◆ **Data shown**
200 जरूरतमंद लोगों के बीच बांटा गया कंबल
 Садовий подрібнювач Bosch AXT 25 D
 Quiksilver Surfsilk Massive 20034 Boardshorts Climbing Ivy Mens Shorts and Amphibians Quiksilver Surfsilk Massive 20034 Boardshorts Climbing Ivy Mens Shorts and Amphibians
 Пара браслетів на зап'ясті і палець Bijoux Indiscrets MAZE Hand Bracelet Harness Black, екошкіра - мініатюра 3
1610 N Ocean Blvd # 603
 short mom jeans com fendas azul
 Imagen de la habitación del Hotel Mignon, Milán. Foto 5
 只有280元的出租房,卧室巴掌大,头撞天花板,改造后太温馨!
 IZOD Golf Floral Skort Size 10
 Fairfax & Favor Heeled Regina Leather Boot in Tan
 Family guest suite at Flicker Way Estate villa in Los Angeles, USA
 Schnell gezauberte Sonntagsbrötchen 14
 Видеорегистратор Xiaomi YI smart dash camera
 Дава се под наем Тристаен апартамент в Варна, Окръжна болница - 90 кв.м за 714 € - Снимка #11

◆ **How to complete this task**
Starting from the line that contains "IZOD Golf Floral Skort Size 10", reproduce each line of the data exactly through the last one.

◆ **Response to this exercise**
 IZOD Golf Floral Skort Size 10
 Fairfax & Favor Heeled Regina Leather Boot in Tan
 Family guest suite at Flicker Way Estate villa in Los Angeles, USA
 Schnell gezauberte Sonntagsbrötchen 14
 Видеорегистратор Xiaomi YI smart dash camera
 Дава се под наем Тристаен апартамент в Варна, Окръжна болница - 90 кв.м за 714 € - Снимка #11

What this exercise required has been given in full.